# Question Of The Week... (2014 Week 36)



## ripjack13 (Aug 31, 2014)

Howdy,
This is a weekly series of questions topic for everyone to join in on the discussion. Some of the later questions may have a poll, and some will not.

_Don't be shy now, go ahead and post an answer...._


*What are the most notable changes in the (furniture, bowls, pens, calls, knives, grips,...projects?) you have made during the course of your career?*








**Rules**
There is no minimum post requirement.


----------



## Blueglass (Aug 31, 2014)

On my drums it is experimenting with the bearing edges and their effect on sound. Still learning but I'm getting it honed down to where I understand what the results of my actions will be.

Reactions: Like 1


----------



## Johnturner (Aug 31, 2014)

In Pens and other turnings I was turning what I thought wers OK pieces then you have an AHA moment when it all comes together and your pieces improve drasticly and you can't believe that you thought your early pieces were "good". (That is not really what was asked, but it will do.)

Reactions: Like 1


----------



## Brink (Aug 31, 2014)

I try to learn something new with every project. 
So, every piece is a progression of the last. 
Straight legs became tapers, tapers into arches, arches into tapered arches...
M&T joints became wedged m&t, then pinned...
Dovetails got out of the drawers, became visual elements, sometimes structural.
I practiced and refined my hand tools, belt sanders gave way to scrapers. 
I stopped looking at others work, preferring to keep my ideas my own.

Reactions: Like 3


----------



## Tclem (Aug 31, 2014)

Better quality wood

Reactions: Like 1


----------



## Mike1950 (Aug 31, 2014)

Sorta the same as brink- more power tool oriented.
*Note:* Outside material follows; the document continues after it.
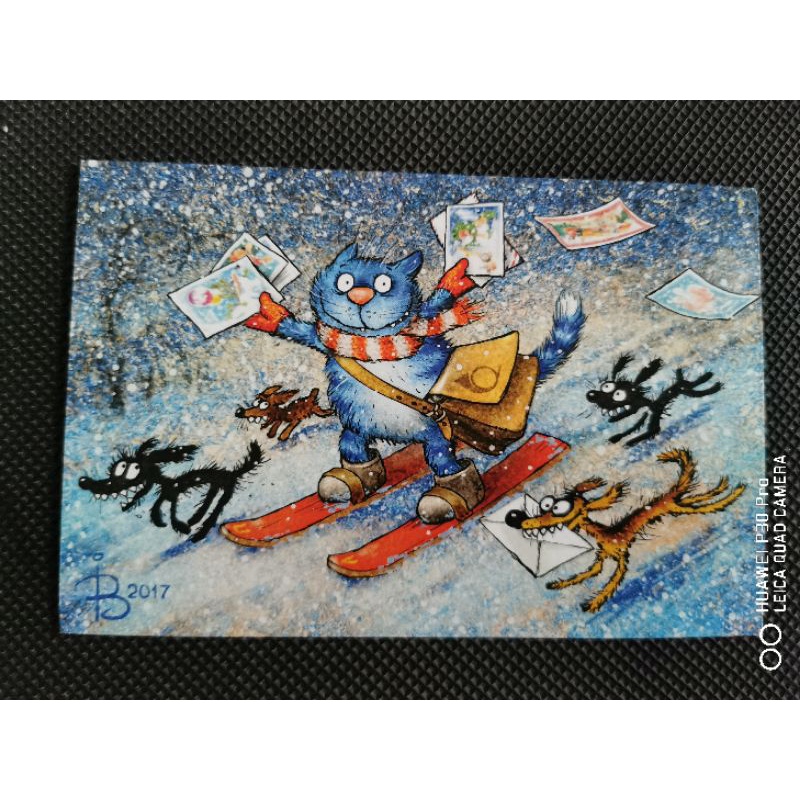 

kartu pos bluecat/bluecat postcard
I try to change what i am doing even if it is the same style. What controls my furniture design is simple- i am married!!! Kathie draws it- I build it. Even if it is for some one else she is my private color/ designer. bench was my design but how can you go wrong with maple and walnut..........


----------



## Schroedc (Aug 31, 2014)

My designs get more involved, my joints get tighter, experiment with new joints like M and T, Dovetail as a design element, spline joints, etc. and my finishes keep getting better as I learn patience with each piece. My turnings get more consistent, and the wall thicknesses more constant (I think my first bowl was 1/4 inch thick at the rim but about 1 3/4 at the bottom)


----------



## woodtickgreg (Aug 31, 2014)

I don't think what I do with wood can really be called a career, if it was I would probably be starving and living under a bridge somewhere. But I do enjoy wood working and I am always trying new things that I have not done before. I too like to use dovetails as a design and visual feature. I like to mix different contrasting woods in a project as well. I like to do flat work, scroll work, and turning. I get bored doing the same things all the time, variety keeps it fun and interesting. The biggest thing that has changed in my wood working is the almost exclusive use of materials I have milled, which means using domestic hardwoods for almost everything I can. The milling has become part of the wood working, just another step, and one that I really enjoy. I would say I like milling as much as the working of the wood. Taking a project from the tree or log to a finished whatever is very gratifying.

Reactions: Like 1


----------